From the bustle of Osaka to the beautiful historic countryside surrounding Kyoto, Japan is a truly magical place. And, as it turns out, it’s a fun and convenient country to travel around with toddlers as well! This one-week suggested itinerary is based on the slightly over-ambitious schedule we crammed into two weeks. I have filtered out the less exciting stuff (nothing in Japan is ‘boring’!) and kept in only our top picks. Happy travels!
We purchased the Japan Rail Green Pass, which gives you access to the first-class carriage on almost any Japan Rail (JR) train, boat or bus (excluding the fastest bullet train, or shinkansen) for 7, 14, or 21 days. The pass is only available to foreign passport holders. There’s no charge for kids under 6 and as long as it’s not rush hour you can almost always find a spare seat for them on the Shinkansen.
- We purchased our green pass online in advance but many travel agents in Hong Kong provide this service. Usually, passes are redeemed at the airport where you’ll be given a laminated card ticket which you flash at the station turnstiles or show the driver.
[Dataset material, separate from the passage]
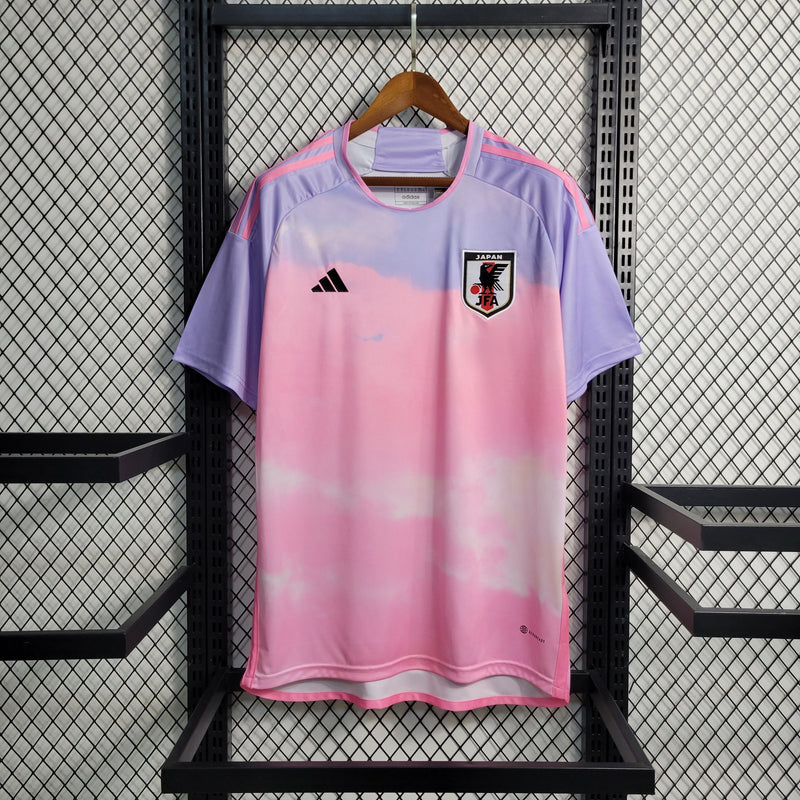 Camisa Japão Edição Especial 23/24 - Adidas Torcedor Masculina - Lançamento - JM sports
- The Tokyo train system is notoriously complex and, as there are multiple operators around the country, I strongly recommend purchasing a Suica on arrival which can be used on the Tokyo subway (not operated by Japan Rail) and at convenience stores and other retail outlets too. You can also download the official Tokyo subway app to map out your travels!
- We brought our stroller EVERYWHERE. Most stations have elevators and/or escalators but there were a few that we had to carry the stroller up and down the stairs. Temples are generally not stroller-friendly but we always managed to find a safe place to stash it while we explored. The walking and getting on/off so many trains made it well worth the hassle.
- Even Japanese people get confused with the train system, so don’t be afraid to ask! With the Olympics and Rugby World Cup around the corner, there is a concerted effort to have even more English-speaking staff at every station and tourist destination.
- If possible, avoid rush hour at all costs, unless you want a first-hand experience of those crazy YouTube videos when commuters are jammed into the cars like sardines (very drunk sardines between 9pm and midnight!).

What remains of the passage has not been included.